Il faut prendre la mesure du paradoxe de cette formule: Volodymyr Zelensky et Virginie Efira ont ouvert le festival. Et, de manière remarquable, celles et ceux qui ont pris la parole sur la scène du Grand Auditorium Lumière ont, en effet, pris cette mesure.
Avoir conscience à la fois de l'importance relative, vis-à-vis des tragédies du monde contemporain, du Festival de Cannes, mais aussi de la réelle intensité et de l'exigence de ce qui s'y joue, artistiquement, culturellement, et comme chambre d'échos des enjeux actuels: cela a bien été au centre de cette très singulière cérémonie d'ouverture.
Le moment décisif a bien évidemment été l'intervention du président Zelensky depuis Kiev, intervention longue et très construite, accordant une place importante à ce que Charlie Chaplin avait réalisé face à l'hitlérisme avec Le Dictateur et à la nécessité que le cinéma tienne, aujourd'hui, toute sa place dans le combat contre les dictatures et, aussi, contre le cynisme du profit. Moment d'une intensité exceptionnelle faisant irruption dans des circonstances peu habituées à un tel niveau de conscience.
Combattant capable d'occuper de multiples terrains d'opération, le président ukrainien a très bien compris qu'il avait aussi une bataille à mener sur un terrain aussi inattendu que Cannes.
Dès lors il l'a évidemment gagnée, mais c'est le choix de le faire qui est un vrai geste stratégique. Et l'ancien acteur ne s'est pas contenté d'apparaître; il est parvenu à partager une réflexion et un espoir.
Chacun avec ses mots, Virginie Efira, hôtesse de la cérémonie, Forest Whitaker, récipiendaire d'une Palme d'or pour sa carrière, et Vincent Lindon, président du jury de cette édition, ont dit au fond la même chose.

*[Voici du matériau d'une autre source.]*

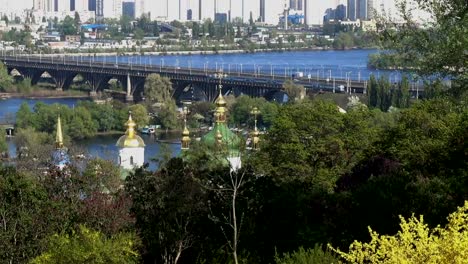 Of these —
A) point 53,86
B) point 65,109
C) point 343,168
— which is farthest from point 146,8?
point 343,168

Qu'il importe, quand la planète est menacée de catastrophes environnementales sans précédent, quand la guerre fait rage en Europe, quand les tragédies se multiplient, de ne pas laisser s'installer une impression de bulle futile et luxueuse, mais au contraire de rendre sensible combien le cinéma et la plus importante de ses célébrations ont à prendre leur part dans la réalité du monde comme il va –mal.
Il advint dès lors ce phénomène inédit de mémoire de festivalier –et celui qui écrit ces lignes a désormais quarante Cannes au compteur: la cérémonie d'ouverture, d'ordinaire passage aussi obligé que péniblement protocolaire, a été plus intense, plus émouvante, plus mémorable que le film d'ouverture qui l'a suivie.
Mécanique du gag et éloge du bricolage
Non que Coupez!, la comédie de Michel Hazanavicius, mérite un quelconque opprobre. Sous couvert de variation burlesque autour d'un film de zombie, il s'agit d'un jeu habilement mené autour des mécanismes de la fiction, des ressorts du comique, et du processus de réalisation d'un film.
La construction, à partir de la présentation dans un premier temps (quarante minutes, tout de même) d'un nanar sanguinolent et aussi stupide que moche, permet ensuite de raconter avec amusement les dessous de ce sous-produit.
Les acteurs ont dû beaucoup s'amuser à surjouer ces personnages caricaturaux, on est bien content pour eux. Mais Hazanavicius décortique avec un mélange de précision d'horloger et d'affection pour ces situations et leurs protagonistes les mécanismes du gag, et c'est tout à fait convaincant.
Tout comme était appropriée, pour ouvrir le festival, la déclaration d'amour au cinéma qu'est finalement le film, avec un éloge appuyé de la dimension collective –en ce cas notamment familiale, et éventuellement bricolée– de ce processus.
Coupez!, qui sort dans les salles françaises ce mercredi 18 mai, est aussi plaisant que facilement oubliable. Ce qui s'est passé avant sur la grande scène du Palais des festivals l'était en revanche beaucoup moins. Aux jours qui viennent d'être à la hauteur.